I dati locali, come quelli provinciali già menzionati, sono stati invece delineati da don Maurizio Ghilardi. Solo nella nostra regione si spendono ogni anno 300 milioni di euro: 190 milioni per le terapie antiretrovirali e il resto per ambulatori, ospedali, case alloggio, assistenza domiciliare. È la seconda spesa farmacologica più importante dopo quella oncologica.
Sul lato della ricerca lo Stato italiano ha speso 138 milioni di euro e solo due milioni per campagne di comunicazione e percorsi di prevenzione. Quest’anno il ministero della salute stanzierà 800.000 euro per la comunicazione (spot su TV, radio, cinema e stampa) che in genere si risolve nei giorni antecedente o successivi il 1° dicembre.
LA ‘CASA DELLA SPERANZA’: IN 11 ANNI
OSPITATE 123 PERSONE (50 SONO MORTE QUI)
«Al di là dei numeri – spiega don Ghilardi – che possono generare sgomento e stupore, noi cerchiamo di rispondere, non più e solo in termini scientifici, alle domande che provengono dalle persone sieropositive: domande che sono soprattutto di senso del vivere e del morire». Per questo motivo è importante lavorare in rete con i servizi territoriali e con le organizzazioni nazionali perché «dopo aver trovato la giusta terapia, astenendoci da ogni giudizio, si possa costruire un nuovo percorso di vita caratterizzato dalla misericordia, della solidarietà e dalla solidità».
Casa della Speranza cerca di fare questo ogni giorno: nei suoi 11 anni di attività la struttura di via Litta – una delle tante opere segno di Caritas cremonese – ha ospitato 123 persone, ma alcune di esse più volte sono transitate in essa, per cui si è raggiunta la significativa cifra di 200 presenze circa. Ben 50 hanno concluso la loro vita in questa struttura.

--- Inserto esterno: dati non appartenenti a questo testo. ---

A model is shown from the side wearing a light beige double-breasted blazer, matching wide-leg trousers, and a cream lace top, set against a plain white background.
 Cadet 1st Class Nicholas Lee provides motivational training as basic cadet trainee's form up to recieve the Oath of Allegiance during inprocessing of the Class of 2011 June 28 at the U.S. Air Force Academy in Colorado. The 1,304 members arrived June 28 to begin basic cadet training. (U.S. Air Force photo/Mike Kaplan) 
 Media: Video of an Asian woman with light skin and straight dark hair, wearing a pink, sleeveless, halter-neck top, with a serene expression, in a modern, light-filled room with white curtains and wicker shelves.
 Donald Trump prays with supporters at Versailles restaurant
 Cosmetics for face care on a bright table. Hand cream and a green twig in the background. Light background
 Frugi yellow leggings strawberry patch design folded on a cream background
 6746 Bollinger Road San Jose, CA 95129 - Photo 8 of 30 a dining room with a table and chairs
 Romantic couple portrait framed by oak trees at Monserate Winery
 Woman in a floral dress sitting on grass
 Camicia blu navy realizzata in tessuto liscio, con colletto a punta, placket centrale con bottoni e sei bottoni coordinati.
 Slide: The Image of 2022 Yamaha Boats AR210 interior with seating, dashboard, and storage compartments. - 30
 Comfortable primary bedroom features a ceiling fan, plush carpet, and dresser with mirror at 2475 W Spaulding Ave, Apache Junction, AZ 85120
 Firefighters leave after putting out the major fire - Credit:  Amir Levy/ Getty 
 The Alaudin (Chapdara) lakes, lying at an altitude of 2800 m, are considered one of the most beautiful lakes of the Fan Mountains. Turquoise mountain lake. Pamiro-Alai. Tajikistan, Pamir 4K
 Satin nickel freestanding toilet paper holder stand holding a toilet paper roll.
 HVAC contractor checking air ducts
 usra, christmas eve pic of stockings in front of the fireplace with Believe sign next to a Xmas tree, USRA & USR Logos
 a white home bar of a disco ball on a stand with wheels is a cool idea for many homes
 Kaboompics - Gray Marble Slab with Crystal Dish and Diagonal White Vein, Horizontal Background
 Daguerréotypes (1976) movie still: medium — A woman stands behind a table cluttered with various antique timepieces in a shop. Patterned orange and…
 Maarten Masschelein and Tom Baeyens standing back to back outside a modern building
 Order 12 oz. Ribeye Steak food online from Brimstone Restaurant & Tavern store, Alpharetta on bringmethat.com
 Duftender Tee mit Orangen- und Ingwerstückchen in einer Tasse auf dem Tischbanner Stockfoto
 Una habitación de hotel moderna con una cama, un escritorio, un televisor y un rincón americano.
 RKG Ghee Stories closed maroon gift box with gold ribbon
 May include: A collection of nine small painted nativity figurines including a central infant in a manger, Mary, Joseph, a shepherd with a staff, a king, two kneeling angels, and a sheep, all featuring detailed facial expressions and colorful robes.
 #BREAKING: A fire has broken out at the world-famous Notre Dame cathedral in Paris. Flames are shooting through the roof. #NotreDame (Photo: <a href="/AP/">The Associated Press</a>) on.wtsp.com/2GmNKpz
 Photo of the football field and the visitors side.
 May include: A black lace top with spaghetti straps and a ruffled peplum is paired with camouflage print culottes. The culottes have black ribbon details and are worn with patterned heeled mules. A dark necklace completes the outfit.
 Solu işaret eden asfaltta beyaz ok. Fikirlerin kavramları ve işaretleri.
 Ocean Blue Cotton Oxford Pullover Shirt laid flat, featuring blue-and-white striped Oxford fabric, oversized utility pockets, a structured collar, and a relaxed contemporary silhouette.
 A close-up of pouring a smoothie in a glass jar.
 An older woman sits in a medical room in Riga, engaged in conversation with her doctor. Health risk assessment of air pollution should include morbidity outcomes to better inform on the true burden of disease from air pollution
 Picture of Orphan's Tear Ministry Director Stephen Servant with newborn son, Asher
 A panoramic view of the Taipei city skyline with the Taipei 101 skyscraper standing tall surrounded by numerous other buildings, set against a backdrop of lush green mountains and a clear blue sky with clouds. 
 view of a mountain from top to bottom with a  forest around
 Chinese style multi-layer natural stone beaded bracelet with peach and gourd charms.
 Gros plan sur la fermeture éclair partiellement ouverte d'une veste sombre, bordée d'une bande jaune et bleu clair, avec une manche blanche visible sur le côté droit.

«La prevenzione, la conoscenza, l’approfondimento di tematiche come l’affettività, la sessualità e l’uso di sostanze è anche compito di una Casa Alloggio – ha concluso don Ghilardi – . Sono attività importanti che necessitano la collaborazione non ideologica di tutte quelle agenzie che si occupano di ragazzi, giovani e famiglie. Non è più solo una questione di spesa – sanitaria o sociale – ma è emergenza educativa, è riassetto dei valori, in chi è sieropositivio e in chi non lo è. Il vostro esserci stasera ci fa dire che poco basta per capirci e aiutarci vicendevolmente in una crescita responsabile».